Kampanye Sulawesi Selatan

Kampanye Sulawesi Selatan
Bagian dari Revolusi Nasional Indonesia
Tanggal10 Desember 1946–21 Februari 1947
LokasiSulawesi
Pihak terlibat
Indonesia
Tentara Republik Indonesia (TRI)
Kebaktian Rakyat Indonesia Sulawesi (KRIS)
Pasukan ireguler setempat
Belanda
Depot Special Forces (DST)
Koninklijk Nederlandsch-Indisch Leger (KNIL)
Kepolisian
Garda desa
Tokoh dan pemimpin

Sam Ratulangi
Andi Abdullah Bau Massepe  
Andi Mattalata

Lieutenant Latief
Kapten Westerling
Kolonel De Vries
Kekuatan
Tidak diketahui 123 tentara DST
Korban
Kira-kira 5.000 tewas; sebagian besar di antaranya non-kombatan 3 tentara DST tewas
Beberapa tentara KNIL, anggota garda desa, dan polisi tewas

Kampanye Sulawesi Selatan (10 Desember 1946 – 21 Februari 1947), yang juga dikenal sebagai Pembantaian Westerling, adalah bagian dari Revolusi Nasional Indonesia. Kampanye ini mempertemukan kaum Republikan Indonesia setempat di Sulawesi dengan tentara Belanda yang datang untuk merebut kembali kekuasaannya. Serangan kontrapemberontak Belanda dipimpin oleh Raymond Westerling, seorang kapten kontroversial di KNIL (Koninklijk Nederlandsch-Indisch Leger). Operasi Westerling, yang dimulai bulan Desember 1946 sampai Februari 1947, berhasil meredam pemberontakan dan menghapus dukungan warga lokal terhadap kaum Republik dengan menjalankan eksekusi mati langsung terhadap orang-orang yang diduga musuh.

Latar belakang

Antara 1816 sampai 1905, Belanda memperkuat kendalinya atas negara Sulawesi Selatan. Pada tahun 1911, Belanda telah mengintegrasikan wilayah tersebut ke dalam Hindia Belanda.[1] Kekuasaan Belanda diserobot oleh invasi Jepang ke Hindia Belanda pada Perang Dunia II. Waktu itu, Sulawesi dan sebagian besar Indonesia timur berada di bawah pemerintahan Angkatan Laut Kekaisaran Jepang yang berusaha meredam gerakan republik dan nasionalis setempat, berbeda dengan pemerintahan Angkatan Darat di Jawa dan Sumatra.[2] Setelah penyerahan diri Jepang bulan Agustus 1945, gerakan nasionalis di Sulawesi membangun hubungan dengan pemerintahan republik Soekarno di Jawa.[2]

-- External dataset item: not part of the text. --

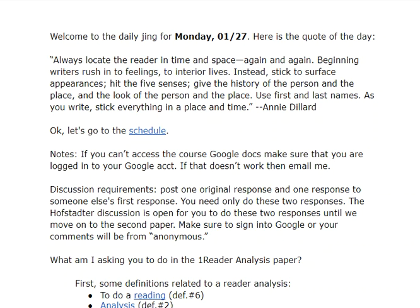That's Annie Dillard. I'll be reiterating this over and over during the course. This is how you should begin and this is how you should write.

Akan tetapi, karena struktur pasukan nasionalis di Sulawesi lemah, mereka tidak mampu menahan laju pasukan pendudukan Australia dan Belanda yang dengan cepat menguasai seluruh Indonesia Timur tanpa perlawanan. Pada tanggal 5 April 1946, sebagian besar pejabat pemerintahan republik lokal, termasuk Gubernur Sam Ratulangi, ditahan oleh pasukan Belanda. Belanda juga menahan bangsawan pro-republik dan para pendukungnya. Meski begitu, perlawanan terus dilanjutkan oleh kaum intelektual dan gerilya pro-republik, bangsawan, dan militan yang berbasis di Jawa.[2] Belanda mencap pemberontakan lokal sebagai perwujudan komunisme internasional dan dominasi Jawa.[3] Mereka menganggap penduduk pribumi senang dan resisten terhadap perubahan revolusioner.[4]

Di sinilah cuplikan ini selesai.